Thursday, April 26, 2007

The Heaphy Track

the heaphy track was the most succesfull and fun of all of my hikes. although it did not have the views of the milford track or the rob roy and it was long [82 kms vs. the 58 of the milford track over four days] it was the pleasant one of them all.

i was prepared for pain and suffering [i had a 27km days just a couple of days before the heaphy track], blisters, sandflies and boring scenery. instead i had lovely weather, clear sky and no sandflies for the first three days.

day i

i had to wake up at 5am to catch a Southern Link crappy shuttle to the track head. after changing three shuttles, freezing my ass of and not being able to sleep i reached the trailhead at ten o’clock. i was worried – i had 25kms to go. 17 uphill. and only 8 hours before dark. i was surprised by the gradual slope of the track. i met some people going the other way and they confirmed that the track does not get any steeper all the way to the top. i was relieved to hear that, and with a little less haste i continued walking. on the way i met the people who caused me to walk 25kms to a stove-less hut – turns out a big group of kiwi families booked up the entire first hut a year in advance. their hut was nice and warm. the couple of wardens who live there keep the fire going 24/7. i had to walk another 8kms to the next hut, leaving the boring bush behind me and ascending into open downs [where you can spot the hut from a distance :”) ] . as i reached the hut i was in for a disappointment – no fire! no warmth! we only had one room with cooking bench, the sitting benches, eight bunks a fire place. i strategically chose the bunk opposite the fire place and prepared dinner. the rules of hiking are – breakfast is when you get out of your sleeping bag, lunch is two hours after you start walking and dinner is when you get to the hut [my dietician would support the dinner timing – the sooner you eat, the quicker your body recovers.]

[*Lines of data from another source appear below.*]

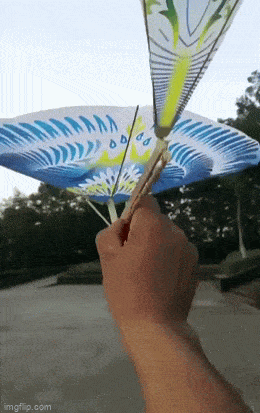 Acid GIFs, May 19 (25 gifs)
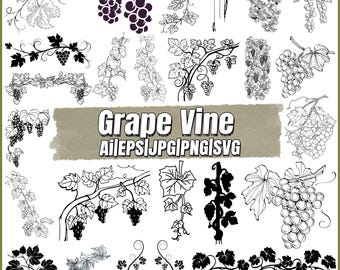 Grape Vine SVG, grape bunch svg, grape vine wall decor, vine leaves svg,grape vine vector, Vine leaf svg grape decorative,Instant Download
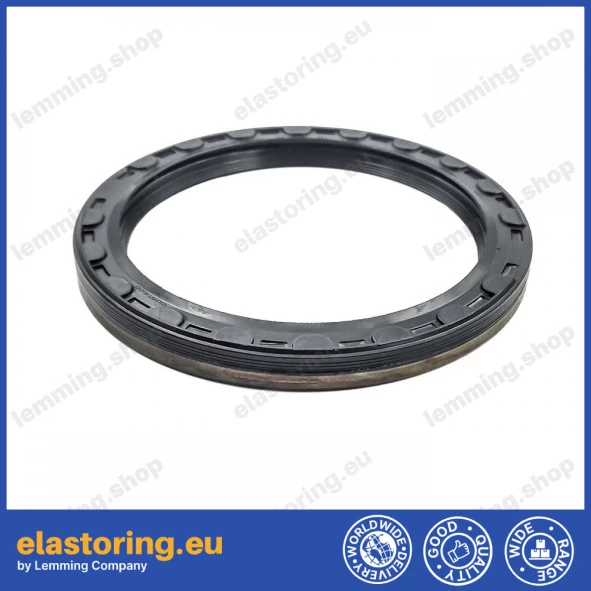 Oil seal 100x125x12,5 B1BAESSSLRSX7 FPM Oil seal 100x125x12,5 B1BAESSSLRSX7 FPM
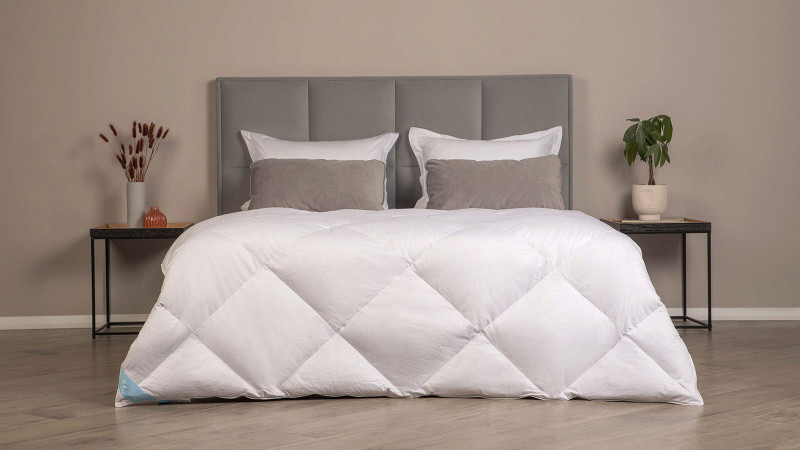 Одеяло Silver Goose 200x220 в мебель-центре Озерцо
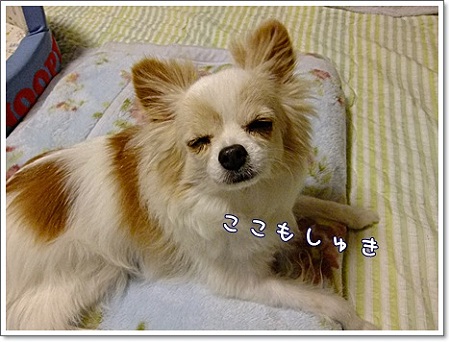 好き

the only other tourist on the track was a japanese guy. other than the two of us it was pure kiwis. a father who took his three daughters to the track. the poor kids had to walk 25kms.

as night set and it became cold, i realized why they say that the gouland flats hut is a jut with lots of atmosphere. half of the smoke from the fireplace was going into the hut. i woke up around midnight, choking on the smoke and asked the japanese guy who was tending the fire to open the door. a couple of hours later i woke up again, soaked in sweat. and in the morning everything i brought with me, especially my bag and sleeping bag, had a “nice” smoky aroma which holds on up till now.

day ii

after breakfast an “easy” day on 19kms followed. i walked along flats, open downs and shoe trees to the next hut. there were two wobbly wire bridges, they type they make out of garden wire fence. there was some australia like landscape. and since the internet costs money but word does not i cannot go back to my pictures and remember what else happened on the second day of the walk. it was almost a month ago. i just remember the open downs and flats, walking along the bush on gravel trail and reaching a hut full of two hyper active sugar loaded kids. lucky for them, some guy was snoring during the night and i had to use my earplugs, otherwise the mayhem they did the next morning would tempt me to roast one of them for breakfast.

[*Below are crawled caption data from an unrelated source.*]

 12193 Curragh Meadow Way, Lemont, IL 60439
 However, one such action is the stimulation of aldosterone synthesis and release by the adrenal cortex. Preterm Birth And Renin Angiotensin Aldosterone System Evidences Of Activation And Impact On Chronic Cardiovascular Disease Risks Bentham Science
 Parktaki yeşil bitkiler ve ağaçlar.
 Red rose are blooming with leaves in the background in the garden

so, basically, not a lot of peace and quite the second day. i again met the weird habit of kiwis to jump into the coldest water they can find for a “swim” or a “dip”, when they’re perfectly nice and dry.

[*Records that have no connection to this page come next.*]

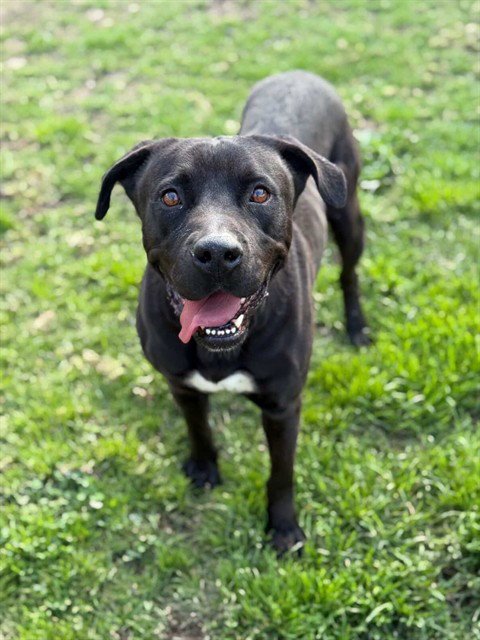 LEO - Pit Bull Terrier available for adoption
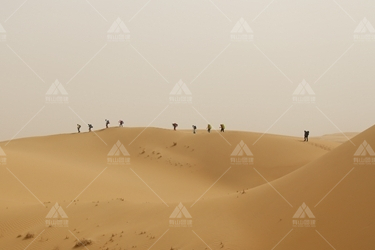 对话库布其沙漠-中国治理得最“快”的沙漠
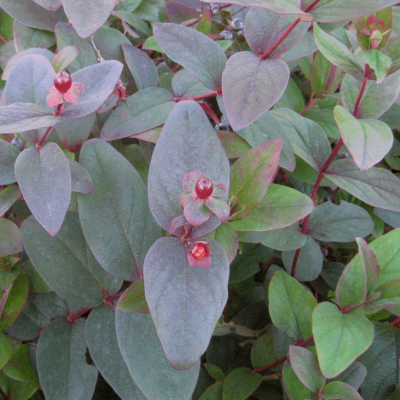 Albury Purple St. Johnswort (Hypericum x inodorum 'Albury Purple') - 2 gallon 12"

the hut warden in the hut was an ex social worker and she spent some time with us. i made a few remarks about the lack of washing machine and speculated that they do not wash their clothes too often. the hut warden responded that she, unlike some other people *ahem*, had her shower that day. i chose to remain stinky, but dry and warm.

day iii

you could see the location of my third hut, the heaphy hut, [there are lots of huts and a few of possibilities to hike the heaphy] from the second hut. it looked far away. i did not believe i was acvtually going to walk all the way to the west coast. but i had my hut pass, my blisters were doing pretty well, and a 21km pursued, with a stopover at Lewis Hut to watch crazy kiwis ford a river with their kid when a perfectly good bridge is no more than two minutes away. wet boots and wet feet are a hiking nightmare, and bare feet also mean sandfly bait, and we got to meet lots of sandflies in the hut. the secret of the sandflies is that as long as you’re moving [in theory] they don’t bite [although the amount of bites i have on my legs might indicate otherwise]. they go to bed when it gets dark. and you’re ok if you cover up.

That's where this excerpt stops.